## Directions for this task
Exact copy, no pictures: return all the data below as written.

## Given data
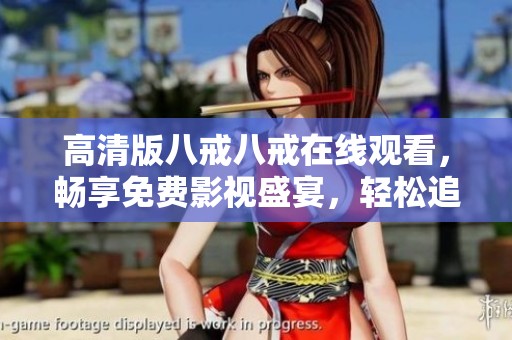 高清版八戒八戒在線觀看，暢享免費影視盛宴，輕松追劇無憂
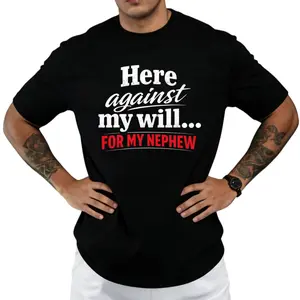 Casual Funny Tee for Family Events – 'Here Against My Will... For My Nephew' Shirt for Aunts & Uncles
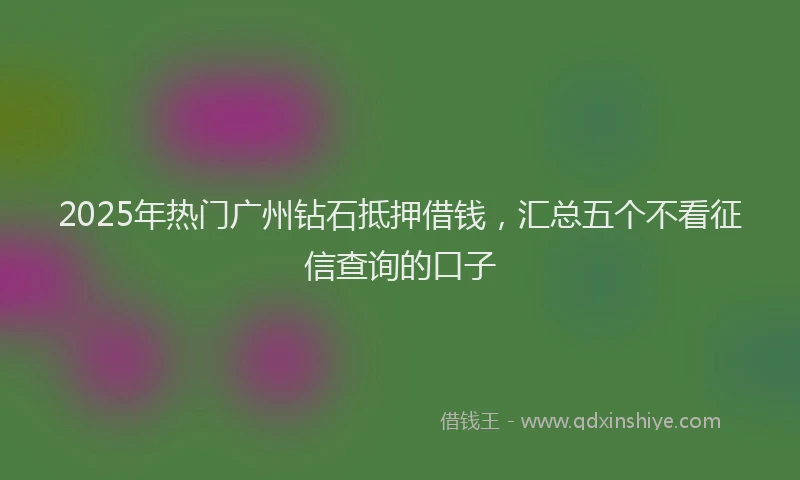 2025年热门广州钻石抵押借钱，汇总五个不看征信查询的口子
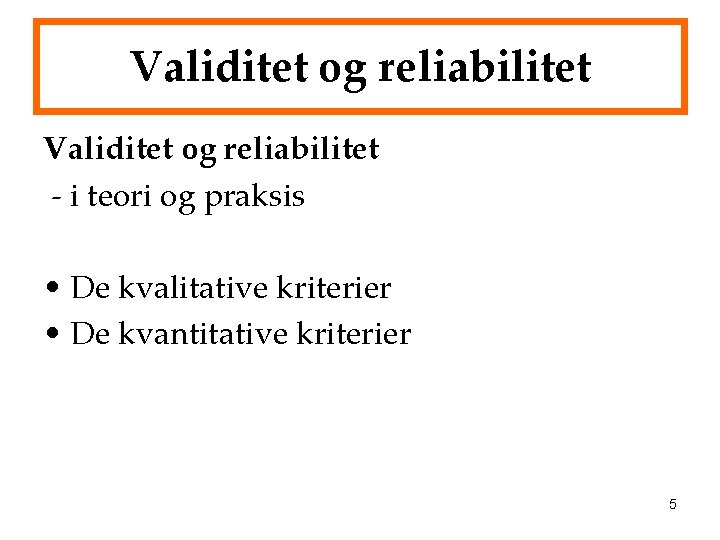 Validitet og reliabilitet - i teori og praksis • De kvalitative kriterier • De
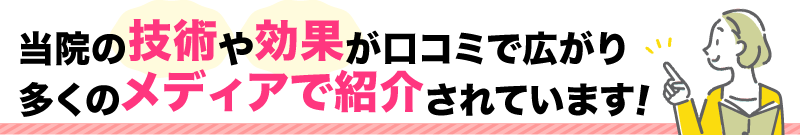 当院の技術や効果が口コミで広がり 多くのメディアで紹介されています！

## Reply to the task
 高清版八戒八戒在線觀看，暢享免費影視盛宴，輕松追劇無憂
 Casual Funny Tee for Family Events – 'Here Against My Will... For My Nephew' Shirt for Aunts & Uncles
 2025年热门广州钻石抵押借钱，汇总五个不看征信查询的口子
 Validitet og reliabilitet - i teori og praksis • De kvalitative kriterier • De
 当院の技術や効果が口コミで広がり 多くのメディアで紹介されています！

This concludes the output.